Pendant plusieurs semaines de préparation, Sarah se plie donc à une discipline rigoureuse. «Ce ne sont pas non plus mes expériences de danse classique quand j'avais 8 ans qui m'ont aidée, à l'époque, j'étais plutôt gauche», se souvient-elle. Sarah Biasini n'est décidément pas du genre à se flatter ou à déguiser la réalité. D'ailleurs quand on lui demande si, pour éviter les comparaisons évidentes avec sa mère, elle n'a pas eu envie, par exemple, de changer la couleur de ses cheveux, elle s'amuse franchement. «J'aurais pu. Mais je n'aime pas changer la nature des choses. Pour les besoins d'un rôle, je n'hésiterais pas, mais changer d'apparence pour aller contre la nature, ça ne me plaît pas. Si on est fait comme on est, c'est sans doute parce que c'est ça qui nous va le mieux !» Une philosophie originale qui va, c'est certain, à l'encontre de la mode actuelle.

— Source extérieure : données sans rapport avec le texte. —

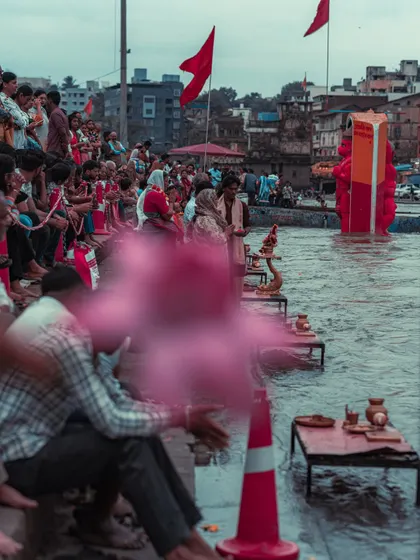 A motion-blur shot of the Ganga ghat during a festival, with a pink flower in the foreground. This technique conveys the movement and vibrant energy of the crowd.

Mais ce qui a été le plus difficile pour elle, reste évidemment l'interprétation. «C'est compliqué et magnifique à la fois. J'ai essayé de me fondre avec le personnage, de lui donner une humanité, de puiser dans mon expérience personnelle», explique-t-elle ajoutant que ses modèles d'actrice - en dehors de Romy - sont Juliette Binoche, Isabelle Huppert, Meryl Streep. «J'aime leur sincérité et leur simplicité.» Côté masculin, elle a adoré la grâce et la beauté de Jean Marais et de Gérard Philipe dans les films de cape et d'épée. «J'étais amoureuse», se souvient-elle. Elle admire aussi Alain Delon qui fit battre le coeur de sa mère. Elle cite "La Piscine", "Plein Soleil", "Monsieur Klein" surtout. Sait-elle si l'acteur a regardé sa prestation dans Julie de Maupin ? «Je ne sais pas, on ne se voit pas beaucoup. Mais j'aimerais avoir son avis ! Comme j'aimerais avoir celui de beaucoup de monde.»